CEREMADE (Centre de recherche en mathématiques de la décision)
- Type: Research center in applied mathematics
- Established: 1970
- Location: Paris, France
- Director: Mathieu Lewin
- Website: www.ceremade.dauphine.fr

= CEREMADE =

Research centre in Mathematics at Paris Dauphine University

The CEREMADE (CEntre de REcherche en MAthématiques de la DÉcision, French for Research Centre in Mathematics of Decision) is a research centre in applied mathematics within Université Paris-Dauphine. It was created in 1970.

== Structure ==

The centre has about 75 permanent members and around 150 staff in total. It is structured in 3 main research areas.

=== Mathematics of economics and finance ===

Covering economics, mathematical finance, insurance, risk and game theory. CEREMADE has strong links to the Paris Dauphine University Institute of Finance, the Europlace Institute of Finance and the Risk Foundation. The institute offers various masters programmes in actuarial science and finance.

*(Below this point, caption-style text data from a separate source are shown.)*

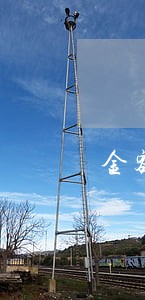 金额逾期率是什么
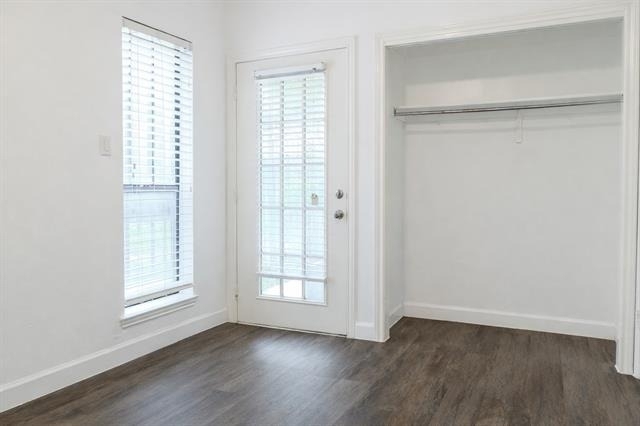3105 San Jacinto Street - Photo 6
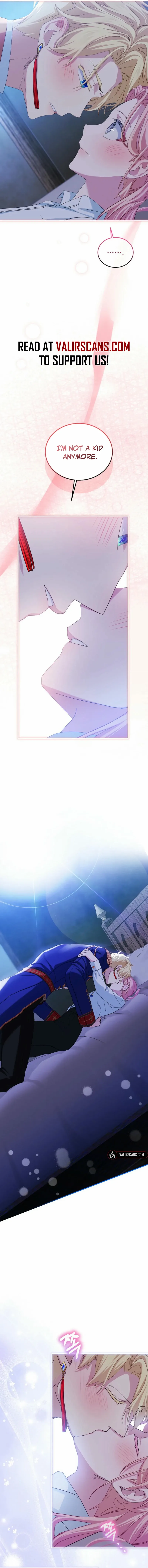 Page 10 of Chapter 116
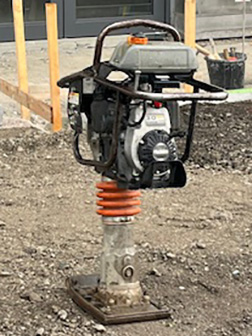 MT55L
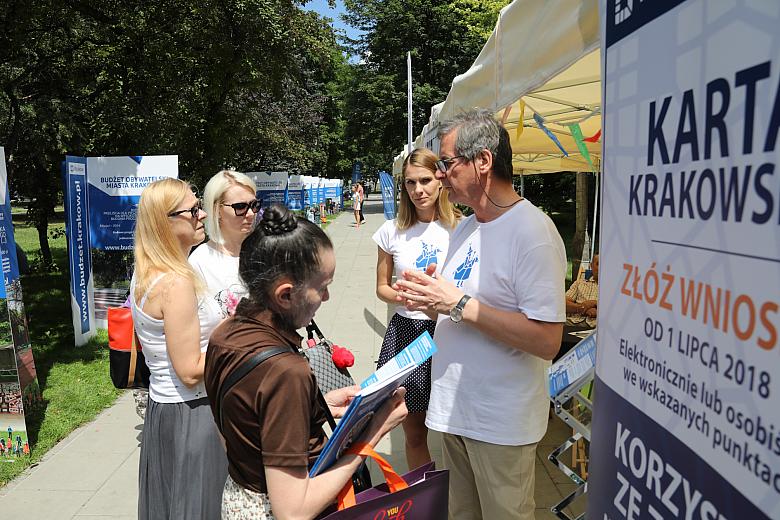 BS KR PL 20180617 IMG 2904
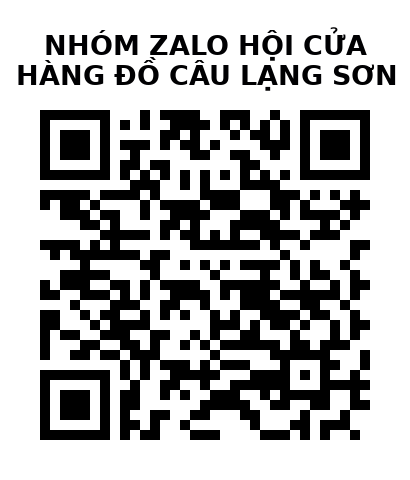 QR Code của URL hiện tại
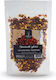 Iperos Herbs Μπούκοβο 50gr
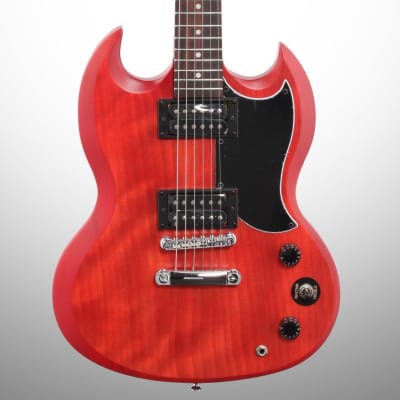 Epiphone SG Special VE | Reverb
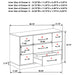 Five Star Furniture - 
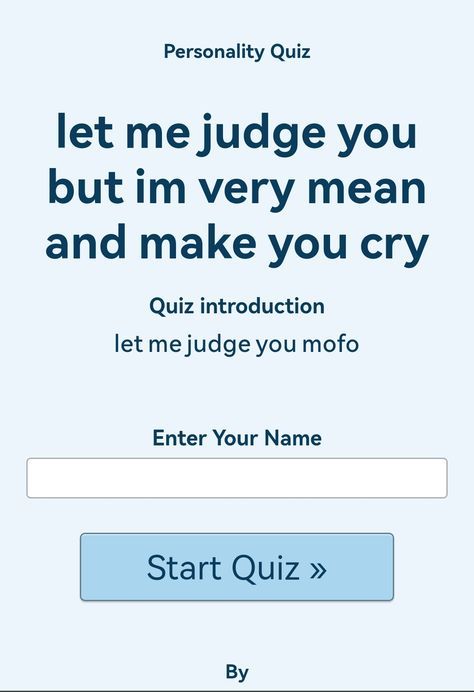 let me judge you mofo #WARAGAINSTXAVIER Are You Not Embarrassed, Free Games On Google, Virgincore Aesthetic, Ideas What To Do When Bored, M&m Games, Shatter Me Quiz, What Colour Are You Quiz, Things To Research When Bored, What Color Are You Quiz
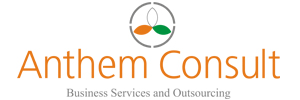 SR Nagar, bootcamp, certificate, to, with, user, interface, free, to, in, full, with, native, full, tech, expert, it, the, front, end, NO.1, in, how, for, technology, instructors, platform, tutorials, express, language, stack, more, details, with, django, syllabus, node, node js, nodejs, framework, institutions, and, fees, coding, developer, path, placement, modules, Professional, Program, next, nextjs, next js, master, flexible, near, me, learn, to, in, guarantee, guaranteed, realtime, based, best, rated, 100%, top, 5, 3, 1, 10, Bootstrap, learning, Job, software, classes, workshops, beginner, bengaluru, HTML, CSS, JavaScript, Comprehensive, FULLSTACK, certified, programming, advanced, ui, development, web, interactive, online, Front-End, Technologies, js, institute, Full-stack, Python, e-learning, MERN, classroom, React, ReactJS, React JS, training, course, Hyderabad, certification, Adilabad, Bhadradri Kothagudem, Jagtial, Jangaon, Jayashankar Bhupalpally, Jogulamba Gadwal, Kamareddy, Karimnagar, Khammam, Komaram Bheem Asifabad, Mahabubabad, Mahabubnagar, Mancherial, Medak, Medchal-Malkajgiri, Mulugu, Nagarkurnool, Nalgonda, Narayanpet, Nirmal, Nizamabad, Peddapalli, Rajanna Sircilla, Ranga Reddy, Sangareddy, Siddipet, Suryapet, Vikarabad, Wanaparthy, Warangal (Rural), Warangal (Urban), Yadadri Bhuvanagiri, Anantapur, Chittoor, East Godavari, Guntur, Kadapa, Krishna, Kurnool, Nellore, Prakasam, Srikakulam, Visakhapatnam, Kukatpally, Dilsukhnagar Vizianagaram, West Godavari, Mumbai, Delhi, Bangalore, Chennai, Kolkata, Pune, Ahmedabad, Jaipur, Surat, Lucknow, Kanpur, Nagpur, Indore, Thane, Bhopal, Patna, Vadodara, Ghaziabad, India, vijayawada, education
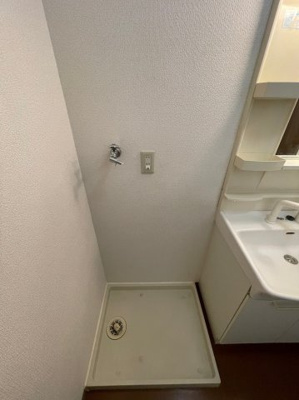 【設備】 | セジュール西明石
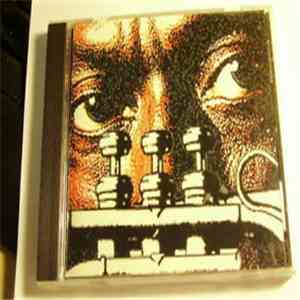 Various - Jazz Rock download flac mp3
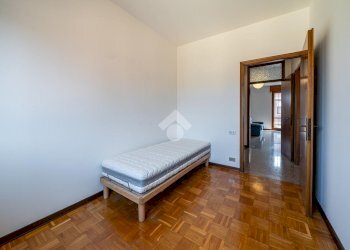 Quadrilocale Via N. Pende, Formigine - foto 22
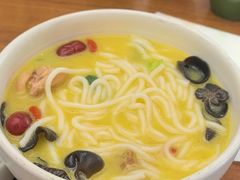 -云海肴·汽锅鸡·云南菜(祥云小镇店)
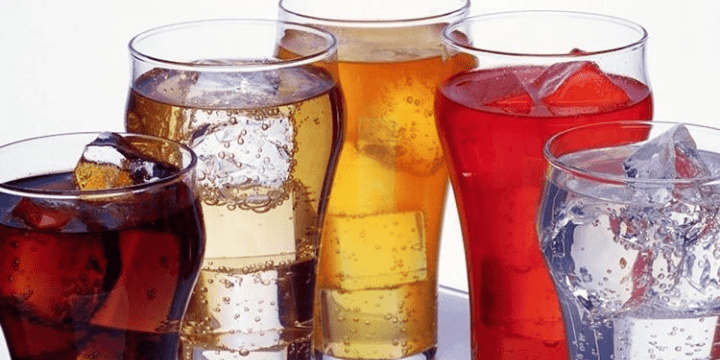TCVN 5778:2015 về Phụ gia thực phẩm - Cacbon dioxit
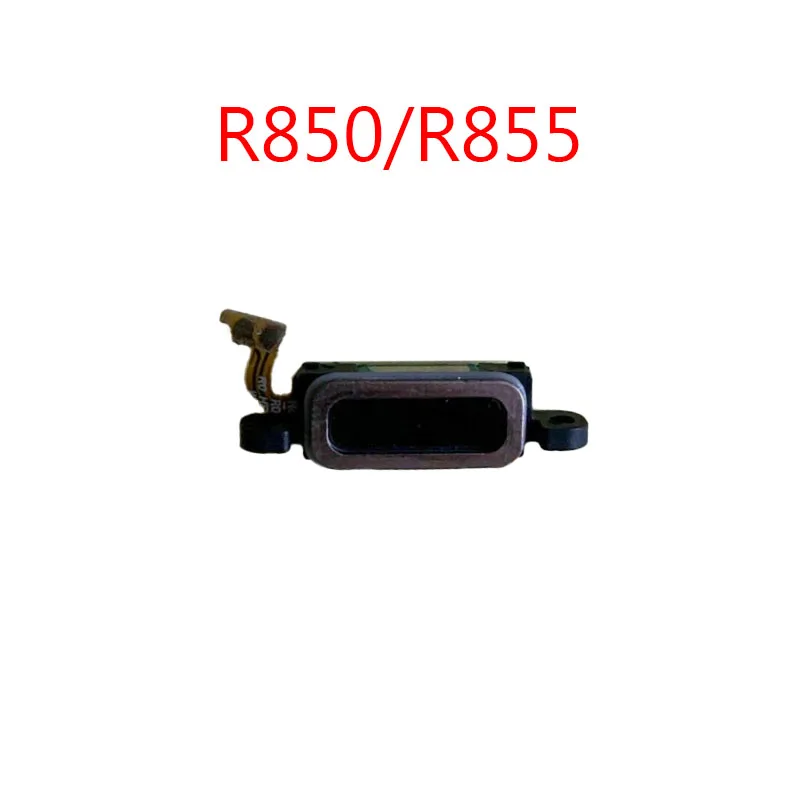 Loud Speaker Ringer Buzzer For Samsung Watch R800 R805 R810 R815 Active 2 R820 R825 R830 R835 Watch 3 R840 R845 R850 R855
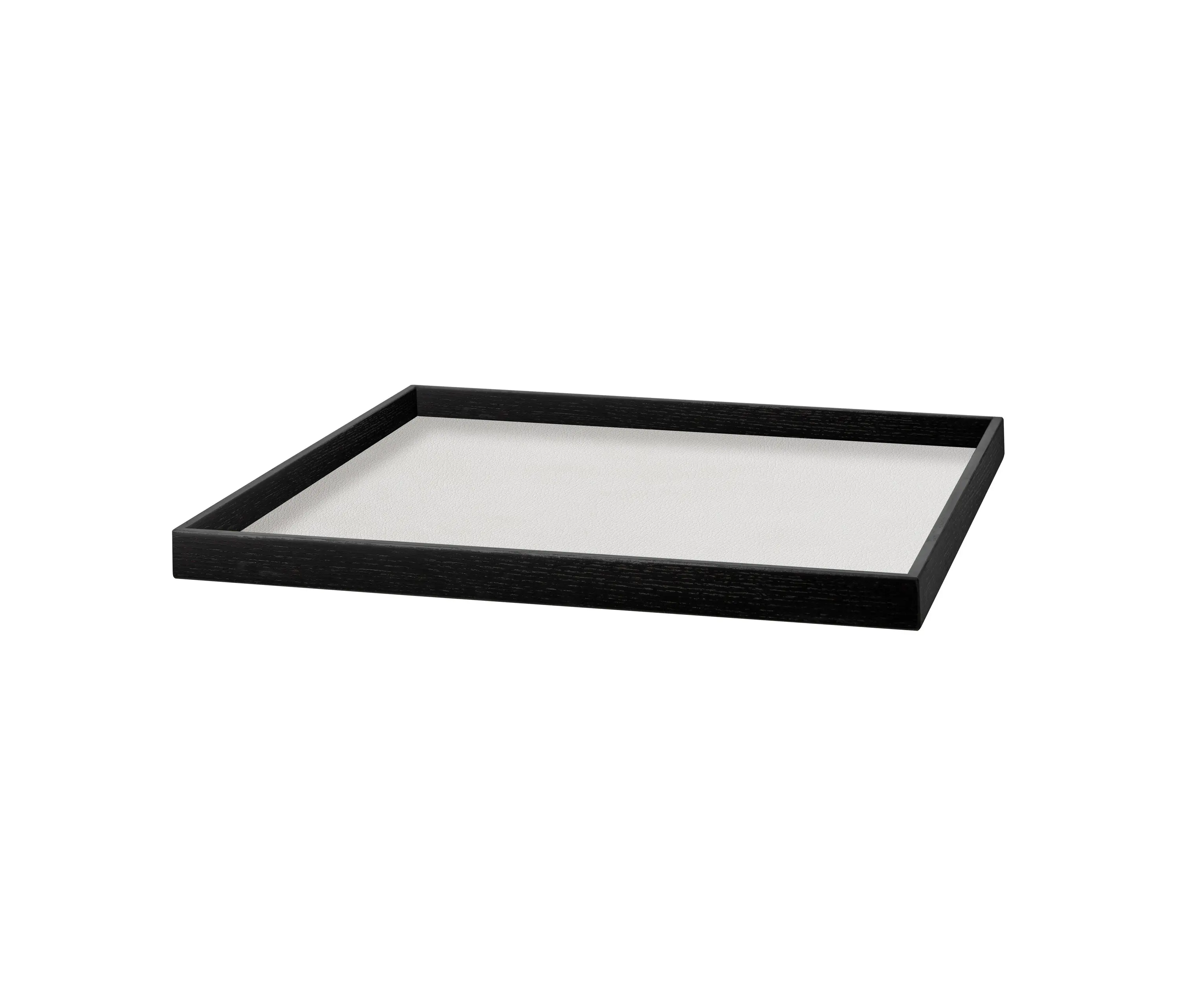 ADJ Style - Mondo Tray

=== Nonlinear analysis ===

Covering nonlinear partial differential equations, optimal transport theory, dynamical systems, control theory, scientific computing and numerical analysis across many applied areas.

Notable staff include Ivar Ekeland, María J. Esteban, Mathieu Lewin and Irène Waldspurger.

=== Probability and statistics ===
The probability and statistics group research areas include Bayesian statistics and Markov chain Monte Carlo, as well as the study of models of statistical mechanics.

Notable staff include Christian Robert, Judith Rousseau and Cristina Toninelli.